For Guinea’s first democratically elected president, Alpha Conde, the country’s vast resource wealth is a vehicle for development. As part of the ongoing mining sector reform the president launched in 2011, Guinea adopted a mining code in September. Guinean officials are currently working on accompanying legislation.
In July 2012, the ABA Rule of Law Initiative (ABA ROLI), with support from the U.S. Department of State’s Bureau of Democracy, Human Rights and Labor, began to work with the Centre du Commerce International pour le Développement (CECIDE), to provide technical support to the legislative drafting efforts of relevant Guinean ministries. To help ensure that the Guinean legislative framework incorporates sufficient protections for local communities, ABA ROLI and CECIDE are assisting the Ministry of Environment, the Ministry of Territorial Administration and Decentralization and the Ministry of Agriculture on key issues that the mining code covers, including standards on community development agreements, on the establishment of local development funds, on environmental and social impact assessments, and on compensation and resettlement of local populations. As a key step in this process, ABA ROLI is conducting community consultations to inform local populations of ongoing legislative reforms, and to encourage them to add their voices to the process.

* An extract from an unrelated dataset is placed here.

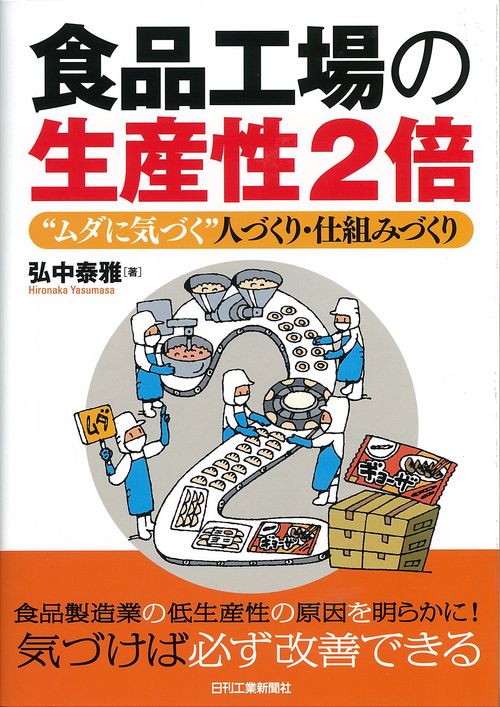 食品工場の生産性2倍 "ムダに気づく"人づくり・仕組みづくり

During consultations in Forecariah earlier this month, communities lamented that they had not had an opportunity to meet with mining company representatives or government officials to discuss their concerns. They said major mining projects are having serious effects on their daily lives, including the degradation of resources such as ground water, the loss of farming and grazing land and the displacement of local populations without adequate compensation. Referring to the ABA ROLI-organized community consultations, a resident said, “This is the first time we are having one-on-one discussions about our future—a future on-hold—since no one cares about us here.”
Throughout Guinea, local populations have little knowledge of their rights and of how to enforce them. In some cases, they have employed violent and disruptive means to voice their frustration. ABA ROLI strives to help ensure that the rule of law will foster an environment that is both conducive to economic development and protective of the basic human rights and needs of surrounding communities.